Come d’incanto, svanì il sogno berlusconiano sull’innocenza di Dell’Utri

Le motivazioni depositate della sentenza della Corte di Cassazione con la quale gli ermellini hanno deciso di far celebrare nuovamente il processo di appello per Marcello Dell’Utri sono state una vera mazzata per i trombettieri berlusconiani, che avevano esultato il 19 marzo scorso. Una mazzata da cui difficilmente riusciranno a riprendersi.

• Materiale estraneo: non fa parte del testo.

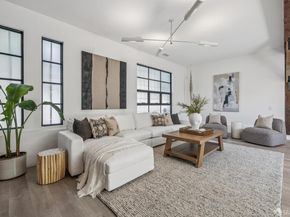 1698 Armstrong Avenue, San Francisco CA 94124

Oggi è tutto un arrampicarsi sugli specchi da parte di Stefano Zurlo su “Il Giornale” il quale cerca disperatamente di spiegare ai suoi lettori increduli (“Ma allora i pm comunisti avevano ragione?” avrà pensato qualcuno di loro dopo aver ascoltato la ferale notizia) che Berlusconi era una vittima della mafia, che era stato costretto a pagare e che Dell’Utri non fece altro che difenderlo dalla violenza mafiosa. Noi siamo solidali con Zurlo; non credo sia facile per nessuno scrivere un articolo in quelle condizioni.

Ma ciò che più stupisce è pensare alle reazioni del 19 e del 20 marzo scorsi. Una decisione, quella della Cassazione, che non aveva affatto “assolto” Dell’Utri ma aveva semplicemente cassato con rinvio la sentenza di appello (che aveva confermato la sua condanna a sette anni per concorso esterno in associazione mafiosa) per difetto di motivazioni, per giunta su un periodo preso in considerazione (dal 1977 al 1982, quando Dell’Utri lasciò la “Fininvest” per andare a lavorare con Filippo Alberto Rapisarda, amico di vari mafiosi e accusatore del senatore). Ora, come sa bene anche uno studente di giurisprudenza, se la suprema Corte “cassa con rinvio” significa che il processo deve rifarsi perché le motivazioni presentano difetti logici o carenze sostanziali, mentre se “cassa senza rinvio” significa che ha annullato la sentenza, prosciogliendo l’imputato in modo definitivo. Ma non solo i giudici di legittimità non fanno fatto questo ma hanno ribadito a chiare lettere che Marcello Dell’Utri fu il mediatore fra Berlusconi e Cosa nostra e che effettivamente favorì il sodalizio criminale perlomeno dai primi anni ’70, appunto quello che i pubblici ministeri di Palermo hanno sempre pensato e che per questo si sono sempre trovati di fronte al nemico peggiore: il Governo presieduto da Berlusconi stesso.

Insomma, la decisione della Corte a tutto doveva portare meno che a stappare le bottiglie di Dom Perignon. Ed invece, i commentatori di casa Arcore si sbizzarrirono in commenti assai duri sui giudici (come al solito) e sui giornalisti seri che hanno il brutto vizio di non essere retribuiti direttamente dal reuccio di Arcore. «Nessuno potrà mai sanare la gravità delle accuse e il peso delle sofferenze ingiustamente patite dal senatore Dell’Utri nel corso di questi anni» urlò fra le lacrime Sandro Bondi. Si consoli, Bondi, perché non c’è proprio nulla da sanare.